Комната была маленькая, за перегородкой, не доходившей до потолка. За перегородкой жили сами хозяева. Электричества в доме не было. Серафима Ивановна не застелила стол к приезду Марины Ивановны скатертью, расшитой крестом, не повесила шторы, но даже и о такой элементарной вещи, как керосиновая лампа, не побеспокоилась, и Марине Ивановне с Муром пришлось бы коротать первый вечер в гостеприимном Голицыно в темноте либо жечь лучину, как это делали некогда предки! Спасла положение Людмила Веприцкая, которая в это время жила в Доме писателей, она не отличалась кротостью характера и, устроив скандал, добыла этот несложный осветительный агрегат.

По воспоминаниям сводной сестры — Валерии Ивановны, Марина Ивановна еще смолоду не очень-то умела справляться с керосиновыми лампами: у нее никогда не хватало терпения подождать, пока нагреется стекло над огнем, и тогда надевать его, и дворнику каждый день приходилось бегать в лавку покупать новое стекло для барышни…

Теперь у Марины Ивановны терпения было больше, жизнь ее ко многому приучила, и потом, разбив стекло, не так-то уж просто было приобрести его в Голицыно. Да и в суровых, нищенских условиях эмиграции в Чехии она давно привыкла и к жестяным лампам, и жестяным печам. «Первые наливаем, вторые — топим.

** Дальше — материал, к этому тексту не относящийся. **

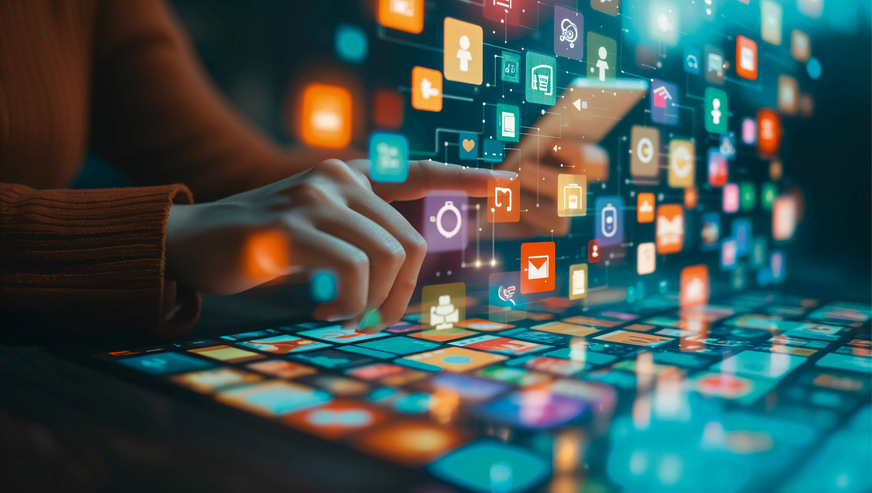 Mit KI-Tools wie ChatGPT oder Midjourney können Handwerkschefs sich bei Schreibarbeiten unterstützen lassen. Der Kundenservice kann bei Terminanfragen und Buchungen Chatbots nutzen.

И те и другие чистим…» Ну а что касается голицынского быта — то он мало чем отличался от эмигрантского, и только не было рядом Сергея Яковлевича и Али…

Воду таскали из колодца в ведрах, пробивая лед. Колодец за ночь замерзал. Морозы стояли лютые, доходило до 40 градусов и больше. А хозяйка еще в довершение всего отказалась вдруг топить печь, о чем свидетельствует отчаянная записка Марины Ивановны, обращенная к Шагинян, обитавшей тогда в Голицыно.

«Милая Мариэтта Сергеевна, я не знаю, что мне делать. Хозяйка, беря от меня 250 р. за следующий месяц за комнату, объявила, что больше моей печи топить не может — п(отому) ч(то) у нее нет дров, а Сераф(има) Ив(ановна) ей продавать не хочет.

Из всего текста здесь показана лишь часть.